古舘 まったく、何の悩みもなく書きました。僕、歌詞ができるのめちゃくちゃ遅いし、超悩むんですよ。嫌気がさすぐらいずっと考えちゃうんですけど、この曲に関してはマジで脳みそ使わないで書きました。「恋のジャーナル」はめっちゃ悩んだんですけど。
――それは何が違ったんですか?
古舘 「恋のジャーナル」のときに今までの悩みスタイルでやって、最終的にもうわけわかんなくなったんですよ。あまりにも時間がかかりすぎて「もういいや」と思って、最後の最後でノリで書いたんですよ。それで出したら結構おもしろいって言ってもらえたから、もう悩むのやめようと思ったんです。
加藤 めちゃくちゃ好きですね、この歌詞。すごく景色が浮かぶし。1回歌詞のことで「感覚的なことでもいいのかな」って言ってて、「全然いいと思うよ」って話したんですよ。そのニュアンスがやっぱり僕たちがいいっていうものなのかなって。熟考せずに出た描写がいいほうに作用してるのかなって思います。

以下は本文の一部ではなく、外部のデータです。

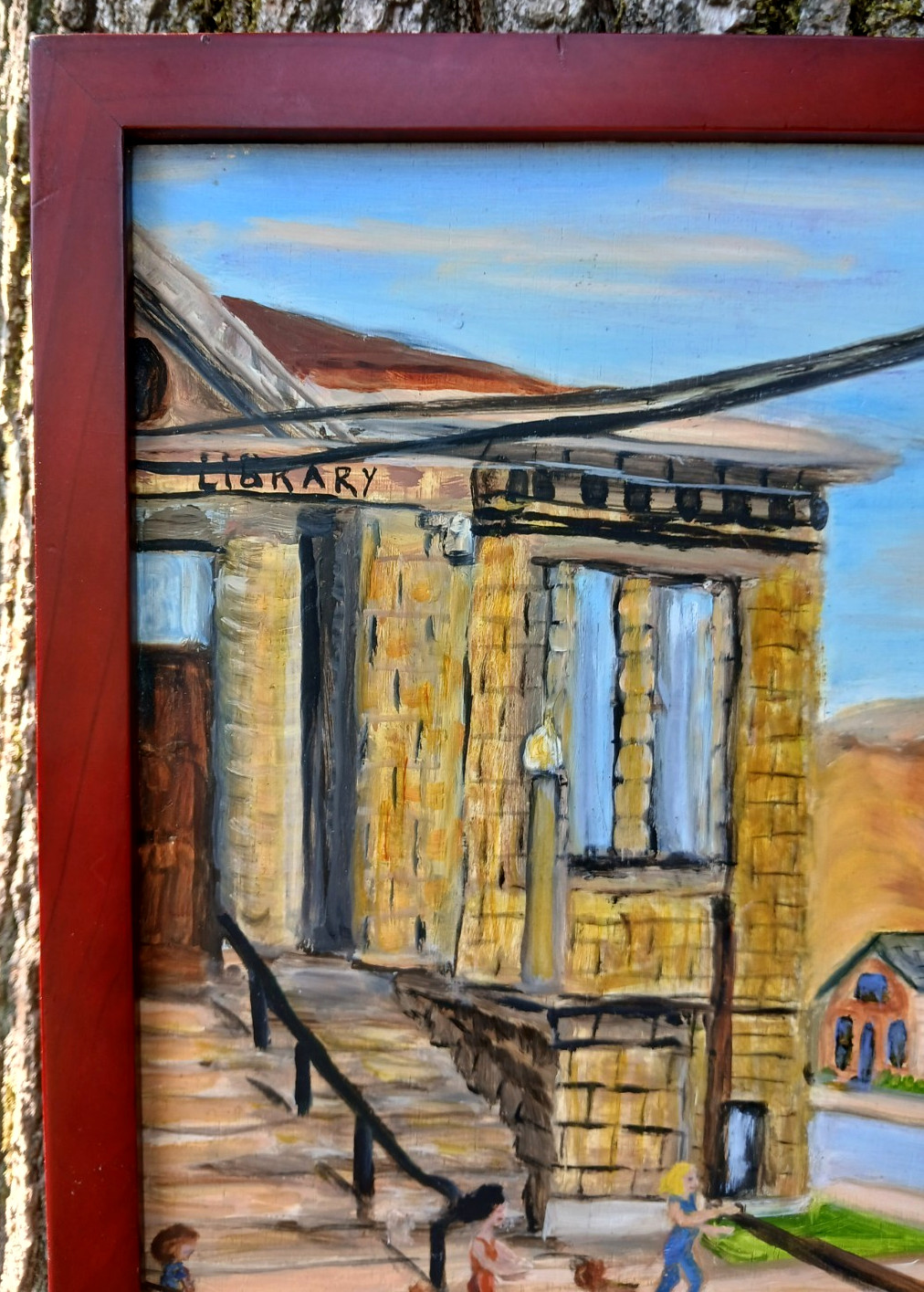 Andrew Carnegie Library, in Baker, Oregon, Painted by Lori, 2009, Well Framed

――そんな中、来年のワンマンライブも決まっています。東京はバンド史上最大キャパシティのリキッドルームです。
古舘 もう発表してからずっと、僕、情緒がダメですよ。ずっとビビってる。だって一度もやってないし、ずっとクアトロだって言ってたわけじゃないですか。そんな男が、みんなが背中押してくれたとはいえ、リキッドルームを押さえちゃったから。ずっとメンタルおかしかったですね。ようやくちょっとずつ落ち着いてきました。もうやるしかねえなって。

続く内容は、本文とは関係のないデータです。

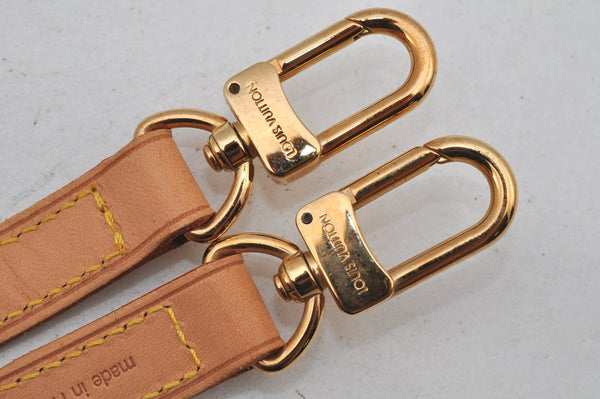 Authentic Louis Vuitton Leather Shoulder Strap Beige 38.8" LV 7242J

――いや、今年春のクアトロ3デイズのときにステージで自分で言っていたじゃないですか、「1年以内にリキッドルームでやる」って。
古舘 そうなんですけど……僕らは売り切れることの大変さと過酷さっていうのをずっと味わってきたんで、夢見心地ではいられないんですよ。でもこないだクアトロ3デイズやれたっていうのもあるし、リキッドはもう頑張るしかないっていう。だからそこまでネガティブでもないです。今はライブ1本1本で、お客さんを2月のワンマンに誘導できているような感覚がすごくあるので。

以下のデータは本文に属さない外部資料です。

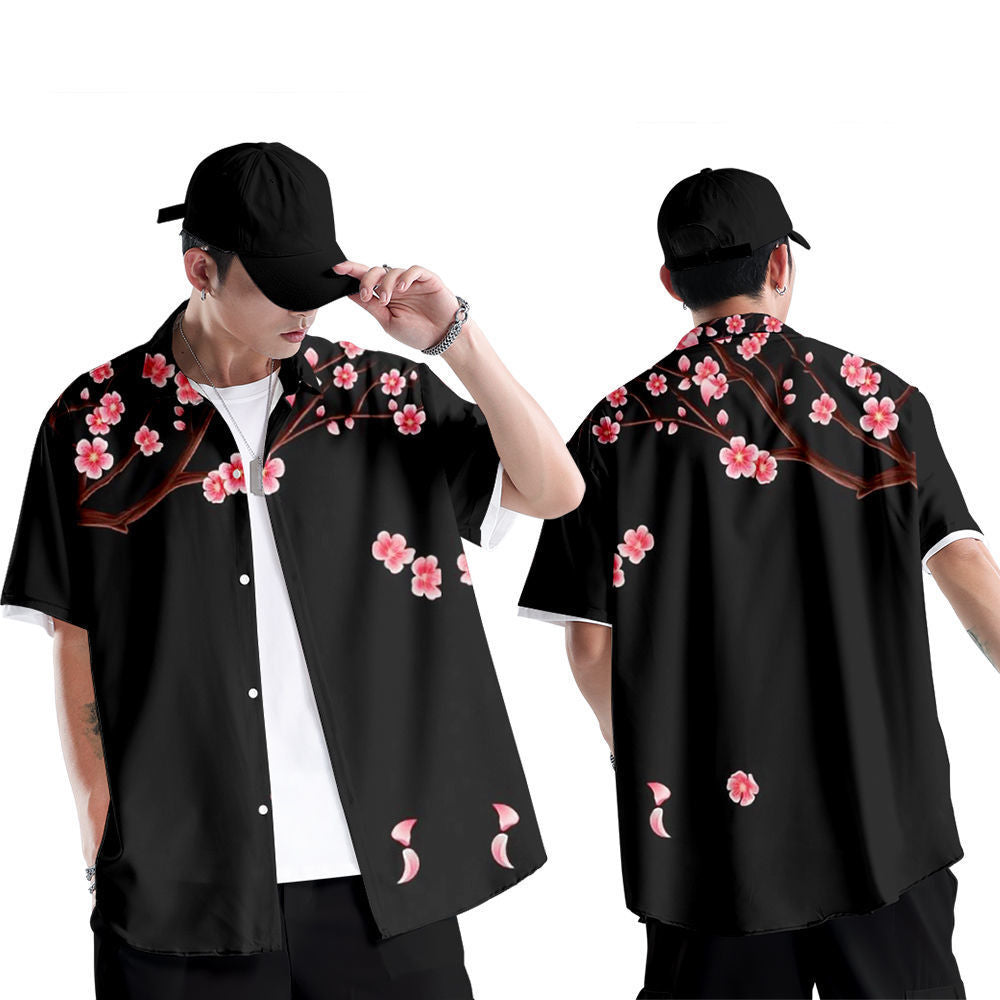 Plus Size Loose Botanical Shirt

――ワンマンをやる頃には新曲も増えていたりするんですかね?
古舘 そうなるように頑張りたいです。ストックはあるので、やりたいなと。そういえばちょうど今日、そのワンマンのタイトルを決めました。「THE 2 ONEMAN LIVE 2023 新章-スプートニク-」っていうタイトルにしました。「スプートニク」っていうのは2のときからやっていた曲の名前なんですよ。ライブではやっているんですけど、ずっと音源化してなくて。ファンの人からも「いつ出すんですか」ってずっと言われてきた曲で、過去からやってきたことと今のやりたいことが混在しているような曲なんです。それを改めてみんなと一緒にやれたらなっていう思いを込めて、ライブのタイトルにしました。
――そういう意味では2の時代とTHE 2のこれからがちゃんと繋がるライブになりそうですね。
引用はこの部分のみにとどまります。